How he hated her! How he loathed and detested her with every single ounce of his being! He thought that when the bitch died he would have some peace at last, but that was not to be the case. She had even robbed him of that! All his life, ever since he could remember, he had dreamed of killing his mother. He knew how awful and wrong that sounded, but after the Hell she had put him through, the torture and torment, Conán didn't care. He recalled lying in the bathtub, which was where he had always been made to sleep, at age four, and closing his eyes and visualising himself throttling his mother. The only thing that had stopped him through the years was the simple fact that he would surely be caught. The police would have found the body and the boy, and it wouldn't take them long to put two and two together. No, Conán had waited, bided his time. He had run away at age sixteen and never been in contact with her since. He had wanted to leave it for a few years, knowing that she wouldn't have reported his disappearance to the authorities. She would have been over the moon that she didn't have the brat to feed any more, and she so often told him when she screamed at him to go and kill himself. Therefore, his existence would have been unknown to the authorities – the Gardai would have never heard his name before. He had planned to wait for three or four years until all trace of his existence had gone, and then go back to the squalid little house in which she lived and kill her, just like he had always pictured.

This thought had kept him alive over the years – the thought of the expression on her face when she realised that her adult child had finally come back for revenge, as she realised that now she didn’t have the upper hand and that soon she would be dead at her only child's hand.

But she had even ripped this thread of hope from Conán. Just as he was starting to think things through and really get ready to go through with it, the old cow had been found dead in her home from a drugs overdose. Heroin – she had been addicted to the stuff since Conán had been in his early teens. Conán had been furious – he felt as if he'd been robbed, and he knew that it would have been just like the old hag to do that on purpose just to spite him. Logic told him this was untrue – she hadn't seen him for four years, and either believed or hoped him to be dead, sucked into the underground street life and died of alcoholism or drug abuse or a street fight or something, anything, she wouldn't have cared.

But no, Conán always harboured resentment for his mother's lucky escape. He had seen her in a drug-induced stupor before. When she died, she would have fallen unconscious and died in a period of coma. She wouldn't have suffered, she wouldn't have known anything about it, and this thought made Conán sick to his stomach.
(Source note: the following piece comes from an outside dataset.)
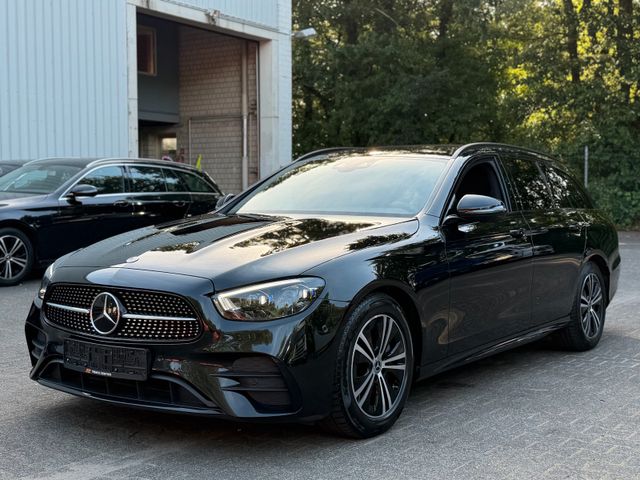 MERCEDES-BENZ E 220 d AMG NIGHT DISTRONIC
He wanted her to suffer! He had wanted to make her feel the fear and pain and humiliation that he had been forced to endure every day for sixteen years! She had never loved him – Conán's earliest memory was of standing in his cot crying for her and her never coming to him. If she did it was to hit him and threaten him to be quiet. Conán had quickly learnt to obey. The standard punishment for shrieking through the night was for her to come in and hold a pillow over his head until he thought he would suffocate. The dark and stuffy feeling of the pillow over his face had traumatised Conán for life, resulting in severe claustrophobia, which still haunted him to this very day. Even now, if he awoke in a tangle of blankets, he would go into a blind panic.
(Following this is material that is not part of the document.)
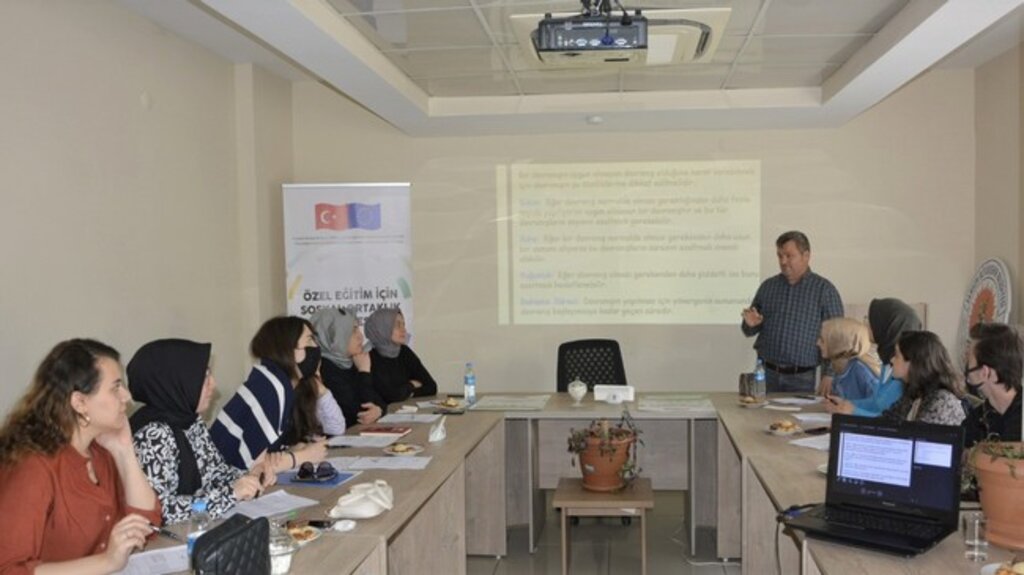 Samsun’da Evde Özel Eğitim Gönüllülerinin Kursu Başladı!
Conán let out what almost sounded like a low growl as he glared at his reflection in the mirror. His eyes were dull and dark, with a slight glint of something not quite natural in them. He liked the thought of his eyes being the last thing some people had seen before they had died. It made him feel warm inside – almost filling the empty part of him that had been created when his mother had escaped him.

Conán lay back on the bed and closed his eyes, not getting under the covers for fear of waking up tangled again. He was warm enough anyway, and after half an hour of laying there, he began to fall asleep, thinking happily of what had occurred that night, and also of the murders before. Especially the girl.